Table 3 shows the select signals and the input signals of the modified multiplexers. When the value of the select signal sel_a is 0001 or 0010, rfdataa is selected and when the value of the select signal sel_b is 0001, rfdatab is selected. Thus, as shown in Eq. 3 and Eq. 4, the signal rfdataa of the register file is in the ODC condition when the first or the second bit of the signal sel_a is 0 and the signal rfdatab of the register file is in the ODC condition when the first bit of the signal sel_b is 0.

Fig. 8 shows the logic circuit of the operand multiplexer and the register file added to the clock-gating logic using the ODC operation condition.

In order to compare the performance of the proposed OpenRISC architecture with the previous one, the inverse transform (IT) and inverse quantization (IQ) blocks of the H.264 decoder were used as test programs. The IT and the IQ are executed 26 times per 16 × 16 macroblock in the H.264 decoder. Fig. 9 shows the number of execution cycles for the IT after the IQ with the previous OpenRISC core, OpenRISC1200, and the proposed OpenRISC core. The cycle numbers of the first IT after the first IQ are both 260, but the cycle number of the proposed architecture goes down to 115 and the cycle number with the previous architecture goes down to 206 as the process goes on. After the 18th IQ, the cycle number of the Hadamard IT with the previous architecture is 97, but the cycle number of the proposed architecture including the 4-way set-associative cache goes down from 97 to 37. Therefore, the performance is improved by 46%. When the core executes the 17th IT, the instruction for the IT remain in the cache because the 17th IT executes after the 16th IT. Therefore, the number of cycle in the 17th execution is reduced rapidly.

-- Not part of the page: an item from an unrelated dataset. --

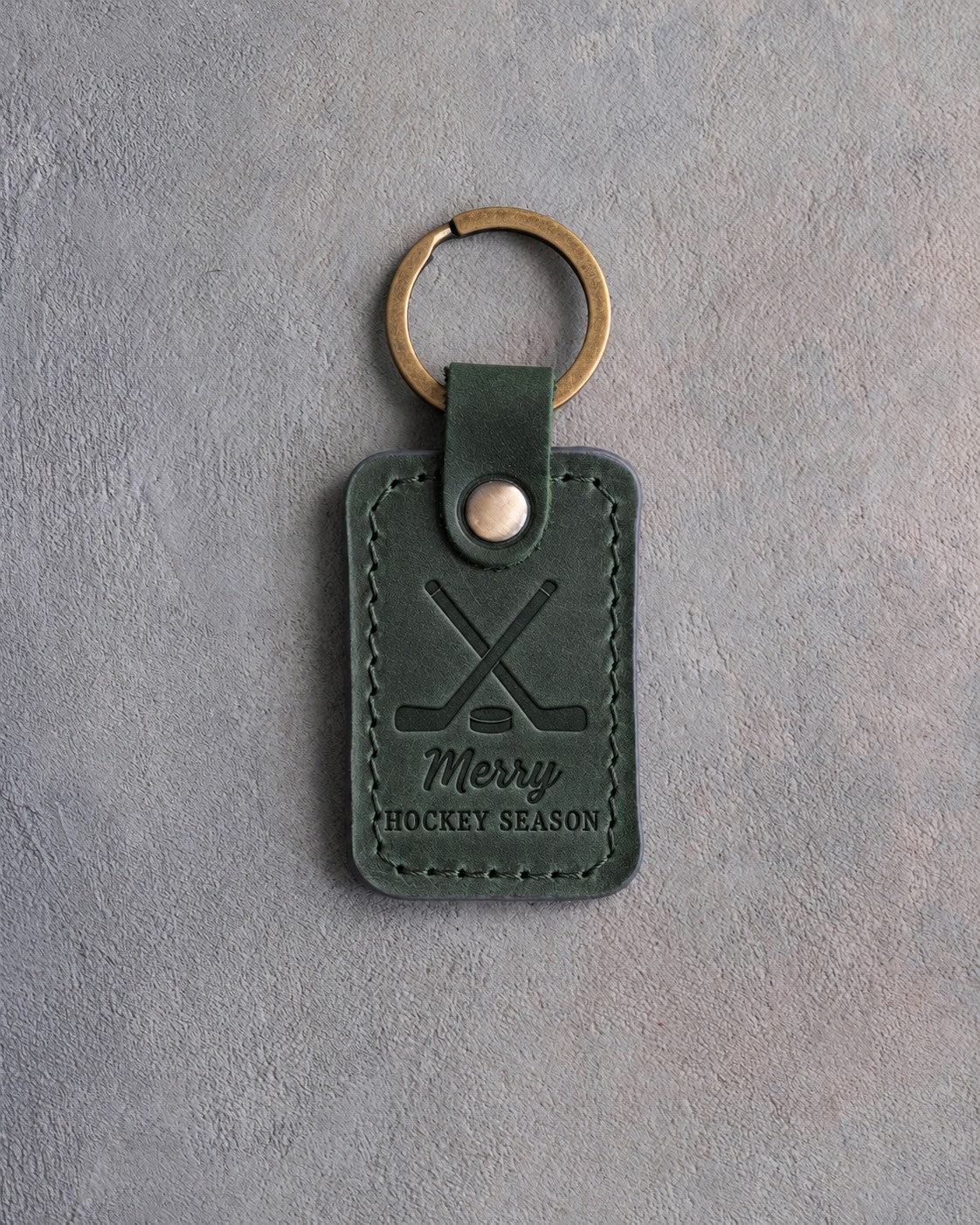 Forest green leather keychain debossed with crossed hockey sticks and a puck and the words Merry HOCKEY SEASON, on gray plaster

For the same reason, the number of cycle in the 20th execution is reduced rapidly.

Fig. 10 shows the cycle number of the IT before the IQ starts. After the IT, the repetitive execution cycle numbers of the IQ with the previous core and the proposed core are 1,581 and 1,108 respectively. The cycle numbers of the Hadamard IT are 1,061 and 701, respectively. Therefore, the performance is improved by 29%. When the core executes the 17th IQ, the instruction for the IQ remains in the cache because the 17th IQ executes after 16th IQ. Therefore, the number of cycle in the 17th execution is reduced rapidly. For the same reason, the number of cycle in the 20th execution is reduced rapidly.

Fig. 11 shows the miss ratios of the previous core and the proposed core. In the first execution, the miss ratios are both 20.37% in the previous and the proposed design. As the execution time goes on, the miss ratio of the proposed design decreases to 4.5%, but the miss ratio of the previous design increases to 21.15%.

The miss ratios of the Hadamard IT execution are both 24% in the two cores. As the time goes on, the miss ratio of the proposed architecture decreases to 5%, but the miss ratio of the previous core increases to 24%. Thus, the miss ratio of the proposed architecture decreases by 15% compared to the previous one.

For the purpose of comparing dynamic power consumption, the Design Compiler and Power Compiler of Synopsys Corp. were used with the Chartered 0.18 cell library.

As shown in Table 4, the power consumption of the proposed OpenRISC core, which considered dynamic power consumption and applied clock-gating using ODC operation, is decreased by 16.2% compared to the previous one.

For the purpose of performance improvement and improving power consumption of an embedded RISC core, the 4-way set-associative cache architecture, a branch prediction algorithm using a BTB, and clock-gating logic applied to the ODC operation are proposed.

The 4-way set-associative cache, the block of which maps to four blocks of a memory, is used to decrease the high miss ratio of the OpenRISC core cache. The branch prediction using a BTB, which stores the branch address and the target address, decreases the number of cycles of delay. The clock-gating using ODC operation carries out the don’t-care conditions of the inputs to gate the clock of the registers to reduce the dynamic power consumption of the OpenRISC core.

As a result, the performance of the proposed core is improved by 29% and the dynamic power is reduced by 16% compared to the previous one. Therefore, the performance and the power consumption of the proposed core are both improved.